Strong rent collection figures have enabled Schroder Real Estate Investment Trust to increase its quarterly dividend by 9% and outperform the MSCI benchmark.
Rent collected for the quarter ending 31 March 2021 currently totals 85% of contracted rents (as at 10 February 2021). Office and industrial rent collection remains strong at 96% and 98% respectively, with retail and leisure rental collection rates at just 54%.

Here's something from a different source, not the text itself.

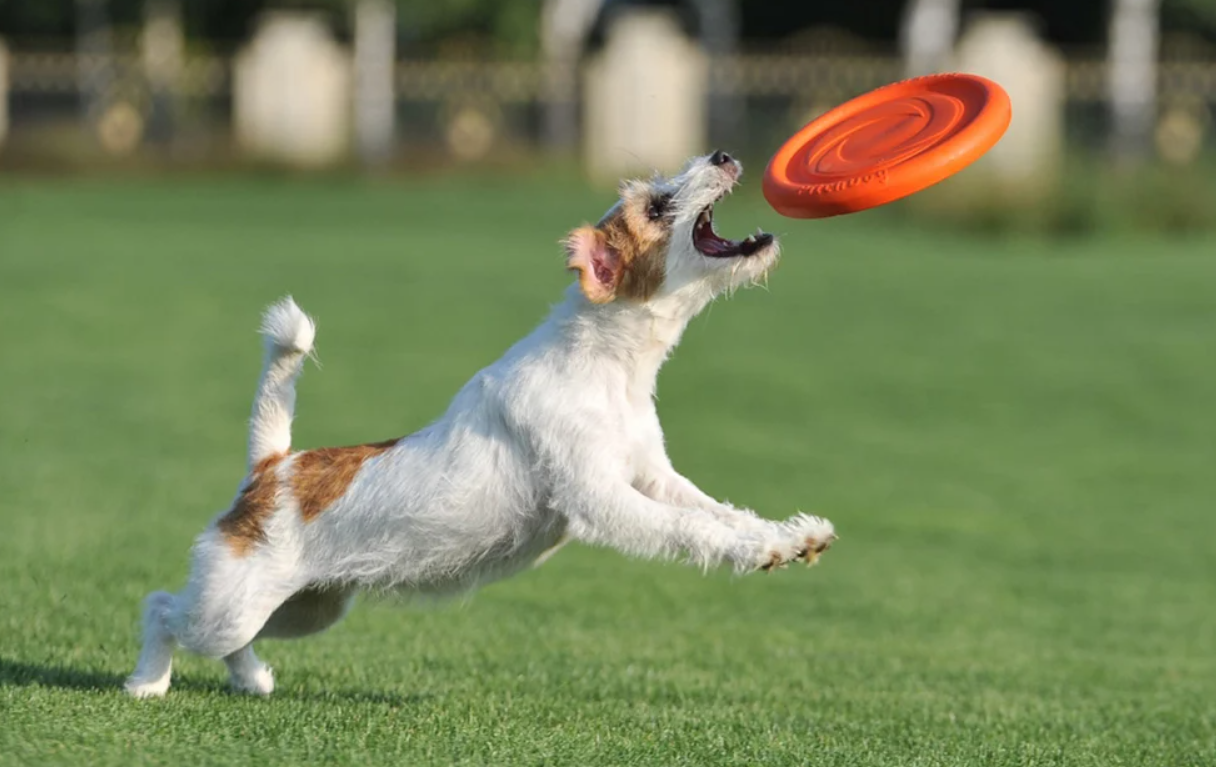 Frisbee Disc Waudog 24 cm, orange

Schroder said it was in “active dialogue” with its tenants for all rents due to be paid and expected to recover a significant portion of the outstanding amount.
An increase in weighting towards industrial, increasing from 30% to 37% during the three months to 31 December, has enabled Schroder to show resilience during the Covid pandemic. During the final three months of the year its underlying portfolio produced a total return of 1.9% – marginally outperforming the MSCI benchmark of 1.3%. The portfolio’s quarterly income return totalled 1.6%, compared with the benchmark’s 1.1%.
For the calendar year 2020, Schroder’s underlying portfolio produced a total return of 0.7% compared with MSCI’s -1.2%.
The firm said that it had £40m of cash and undrawn facilities available and that it would use these funds for acquisitions, investment in its existing portfolio and to continue its share buyback programme.